>>
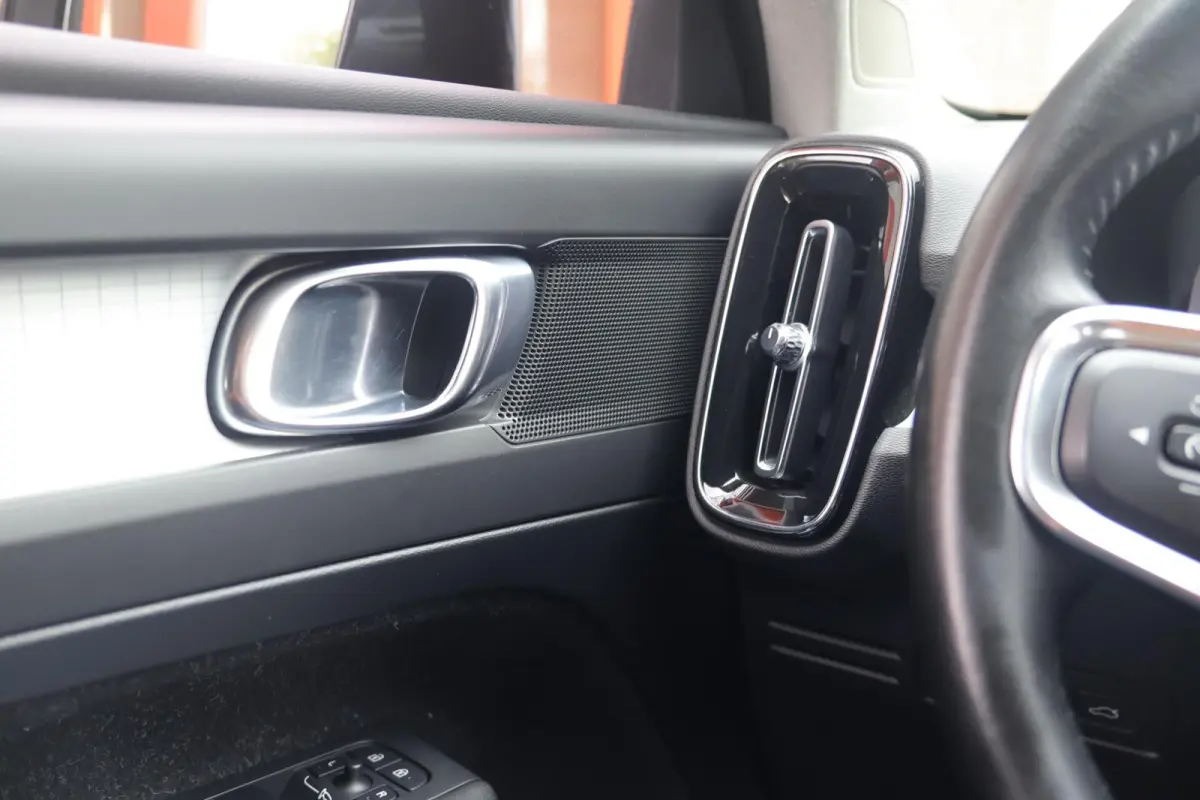 T4 Momentum | Stoelverwarming | Trekhaak | Parkeercamera | Keyless
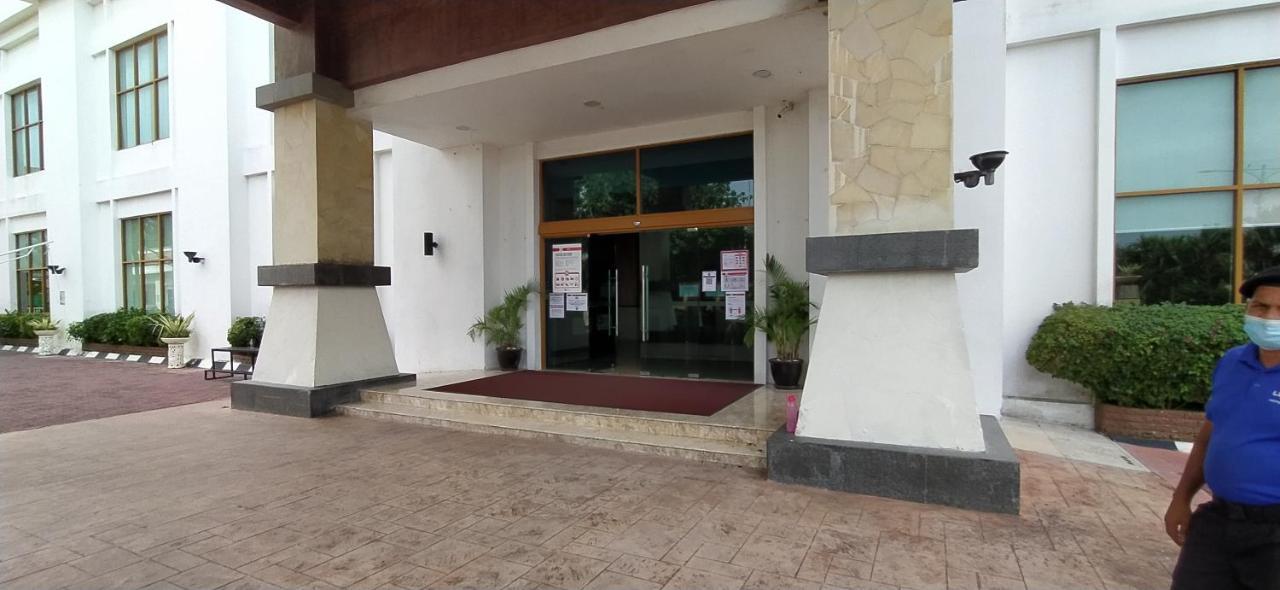 Port Dickson Private Unit Chalet מראה חיצוני תמונה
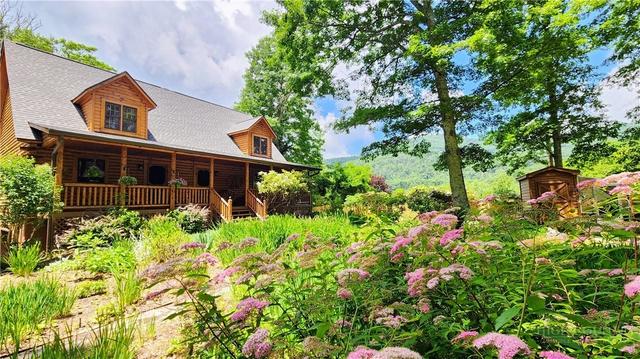 487 Klonteska Dr, Banner Elk, NC 28604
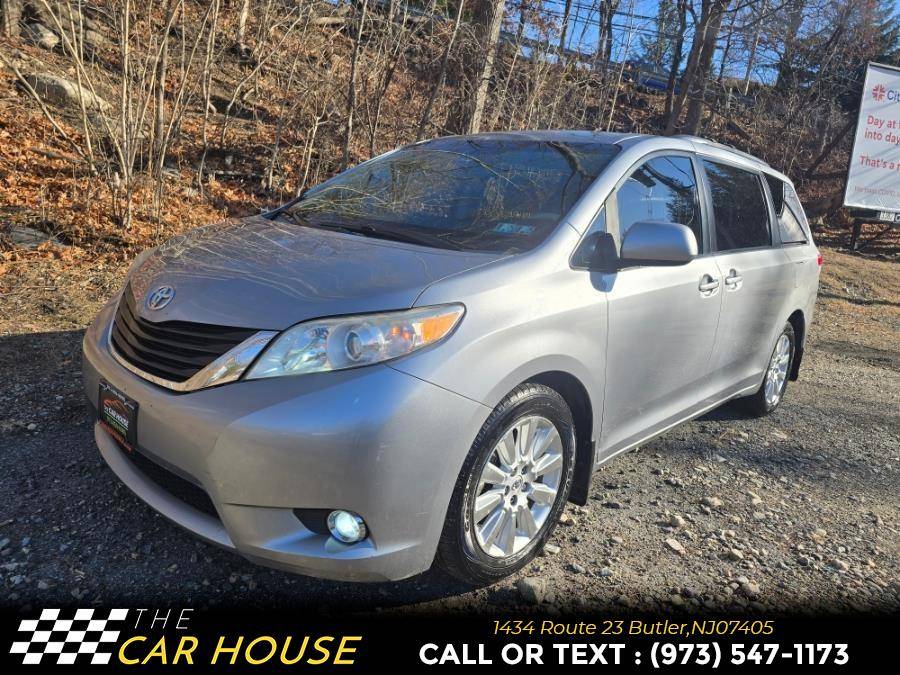2012 Toyota Sienna LE — Minivan — 208,251 mi — Butler, NJ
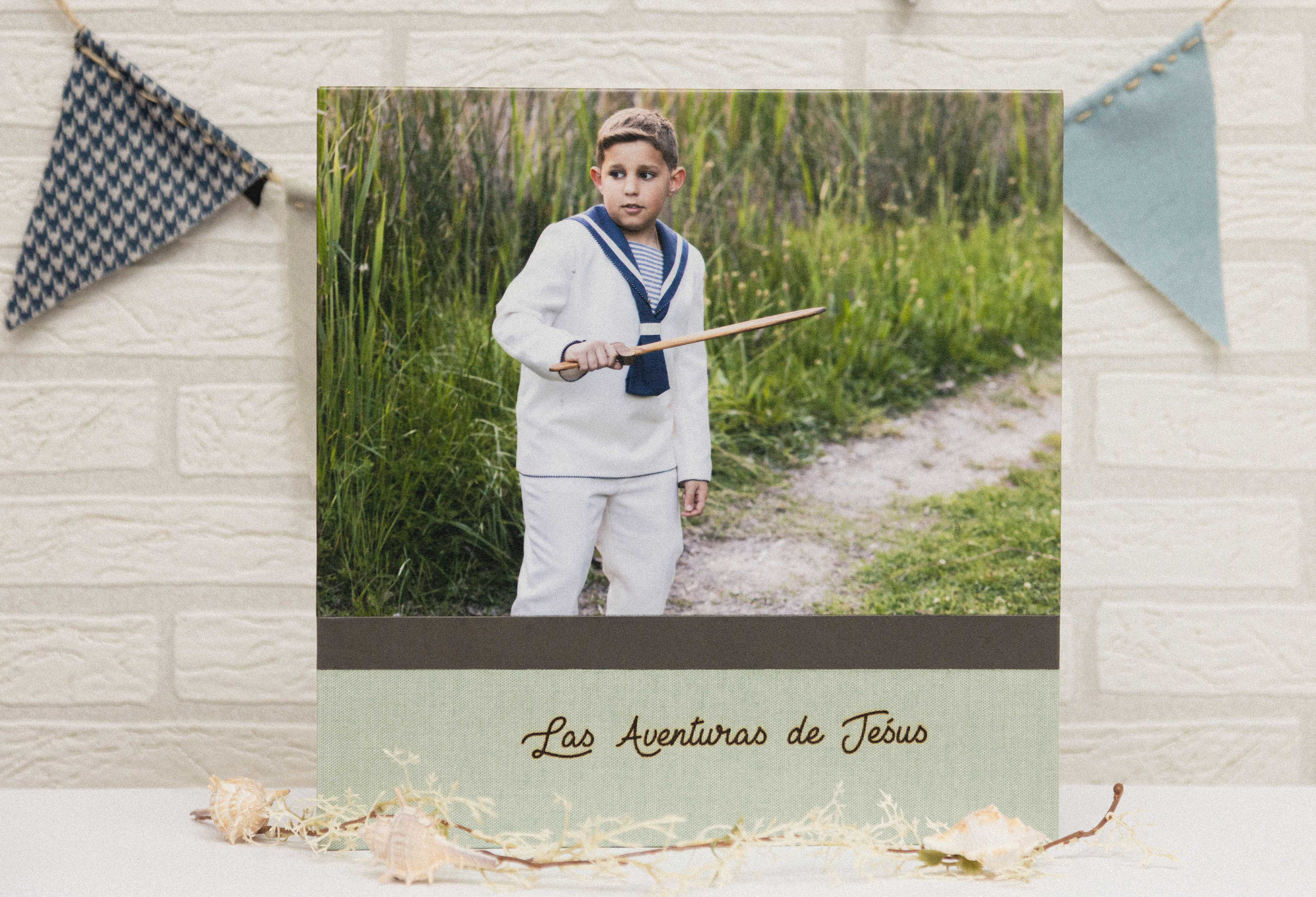 MODELO AB 167  MATERIAL  LINO PISTACHO  GRABADO A FUEGO PARTE SUPERIOR FRANJA POLIPIEL PETROLEO FOTOGRAFIA23X35    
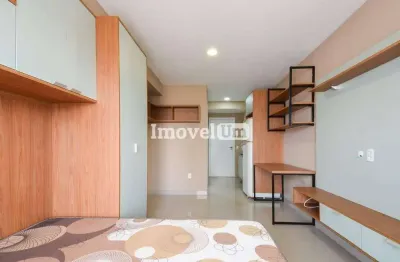 Kitnet / Stúdio à venda na Rua Fernão Dias, Pinheiros, São Paulo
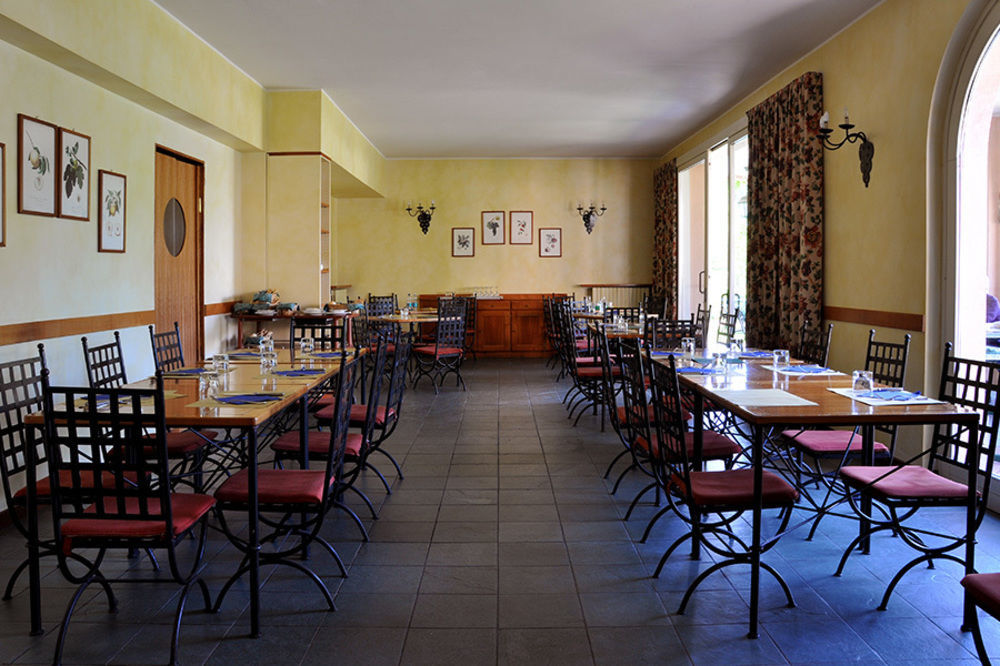 Hostellerie Du Golf Pecetto Bagian luar foto
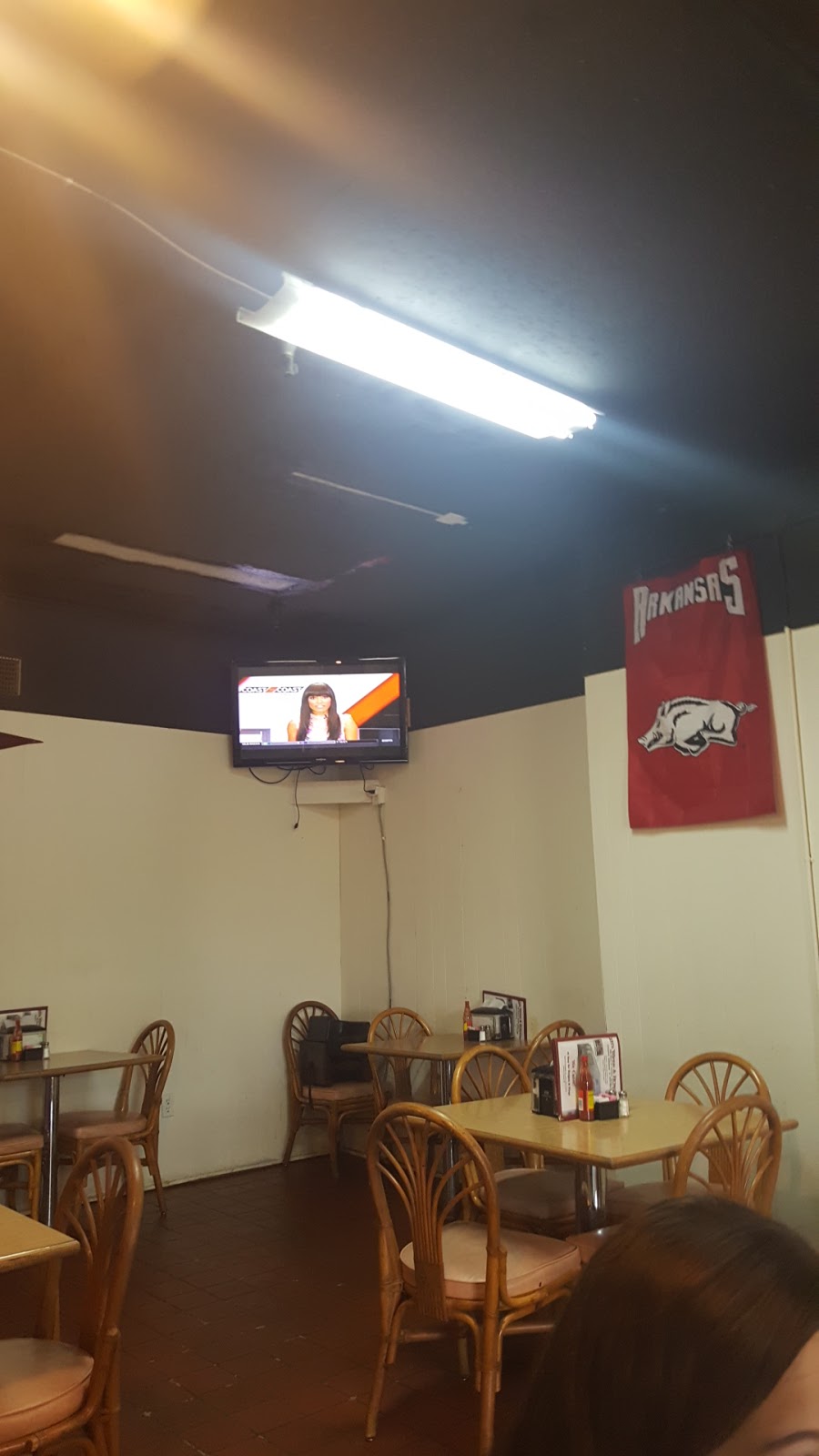 J Bs Wing Stop & Burgers | restaurant | 105 E 1st Ave B, Crossett, AR 71635, USA | 8703646800 OR +1 870-364-6800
<<
▶ _PROBLEM STATEMENT_: Reproduce exactly the lines above from the one with "Hostellerie Du Golf Pecetto Bagian luar foto" through the last line of the data, keeping both ends and dropping the pictures.

▶ _TASK SOLUTION_:
 Hostellerie Du Golf Pecetto Bagian luar foto
 J Bs Wing Stop & Burgers | restaurant | 105 E 1st Ave B, Crossett, AR 71635, USA | 8703646800 OR +1 870-364-6800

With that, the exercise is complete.